Por supuesto, es precisamente el crecimiento del poder de estos Estados modernos lo que ha erosionado las instituciones de las normas políticas que ofrecían la protección que existía de los derechos políticos de las minorías. En EEUU, hemos asistido a la erosión del procedimiento del Senado diseñado para hacer de la cámara alta una fuerza moderadora en la toma de decisiones políticas; en la UE, hemos visto una creciente agresión por parte de la UE para subvertir las decisiones políticas nacionales; y en general, hemos visto un creciente apetito por censurar el debate y la discusión política en las mayores plataformas de comunicación.
Ninguno de estos cambios se ha producido en forma de cambios importantes explícitos en los documentos de gobierno subyacentes de estas instituciones, sino más bien a través de lo que Garet Garrett habría llamado una «revolución en la forma». La naturaleza coercitiva de los Estados-nación modernos, que siempre ha existido—pero que a menudo ha sido ignorada por la mayoría de la población, dispuesta a absorber los niveles de incomodidad del teatro de la seguridad en los aeropuertos con el fin de detener la amenaza del terrorismo a nivel nacional—se ha convertido ahora en parte de la rutina diaria, ya que los Estados vuelven a imponer mandatos de máscara, restricciones escolares y, en algunos países, nuevas rondas de cierres forzados por el ejército.
El siguiente nivel de escalada del covid es cuestionar la existencia justificada de los ciudadanos que se niegan a ser vacunados. Con cierta ironía, estamos viendo que la clase experta suena cada vez más como el experto político disidente Stefan Molyneux: «El tiempo de los argumentos ha pasado». Cualquier preocupación que haya existido alguna vez sobre los derechos individuales de quienes se preocupan por las vacunas contra el covid—incluyendo a quienes tienen una inmunidad natural al virus por exposiciones anteriores—está siendo rápidamente desechada por quienes están en el poder.
Con creciente celo, las empresas están tratando de imponer las vacunas entre sus empleados, mientras que las universidades, las burocracias y otras instituciones gubernamentales de todo el mundo están siguiendo su ejemplo. Entretanto, los expertos «liberales» abogan cada vez más por la vacunación forzosa de la población si fracasan los enfoques más amables.

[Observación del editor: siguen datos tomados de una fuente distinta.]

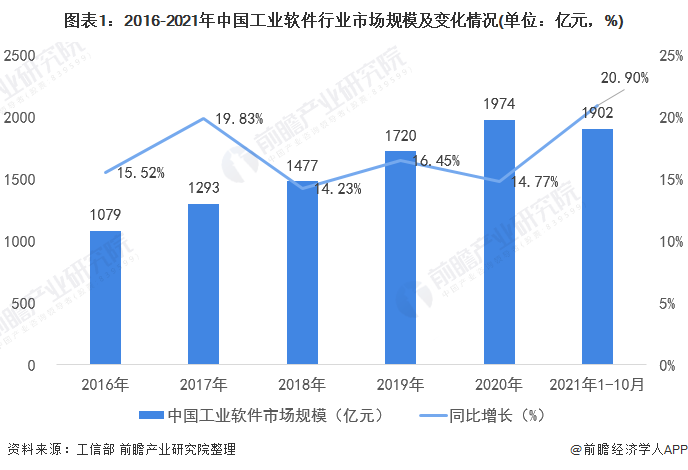 图表1：2016-2021年中国工业软件行业市场规模及变化情况(单位：亿元，%)
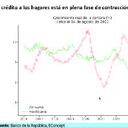 Las altas tasas de interés han encarecido los costos de los créditos hipotecarios lo que dificulta invertir en vivienda nueva.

Nada de esto debería sorprender. Al igual que la democracia ha sido durante mucho tiempo lo que la gente en el poder quiere que sea, el liberalismo se ha convertido en una cubierta intelectual barata para los objetivos políticos más atroces. Menos una base intelectual consistente, es estética, lo que indica el apoyo a un régimen que se envuelve en la preocupación por los «derechos humanos» mientras aumenta las devastadoras zonas de guerra militares en todo el mundo.

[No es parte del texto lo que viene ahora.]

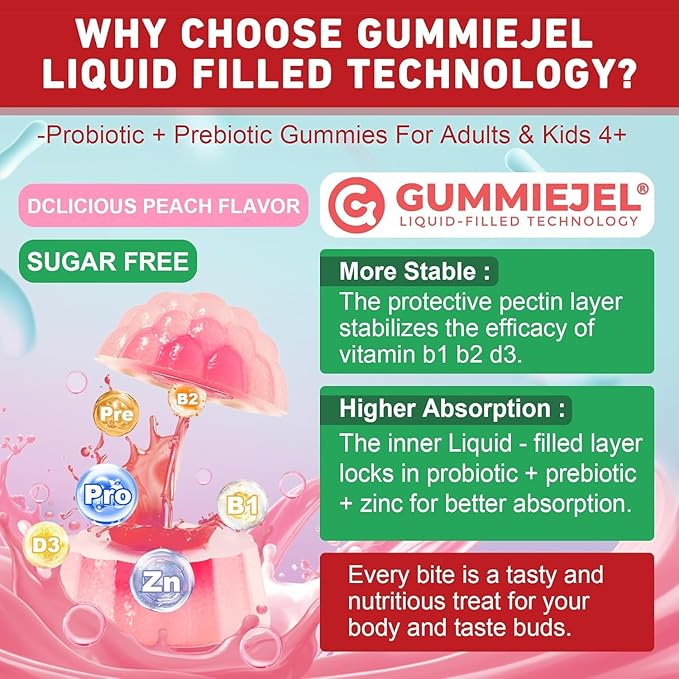 NEVISS Probiotic + Prebiotic Gummies for Adults & Kids 4+, Sugar Free Chewable 50 Billion CFUs w/Fiber, Vitamin B1 B2 D3 & Zinc, for Digestive & Gut Health, Boost Microflora Diversity, 60 Cts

En última instancia, no fueron el «fascismo» o «Rusia» los que normalizaron los encierros, los mandatos y los beneficios masivos de los compinches políticamente conectados en Occidente—fueron los supuestos defensores de la «democracia liberal». La misma coalición de intelectuales, medios de comunicación corporativos y líderes políticos responsables de las revoluciones progresistas del siglo XX.
Cualquier valor retórico que alguna vez tuvo apelar a la fachada de la «democracia liberal» debería estar ahora muerto. La clase tecnocrática no es más que otro grupo de impositores, y los que rechazan su narrativa se convierten en a los que se impone.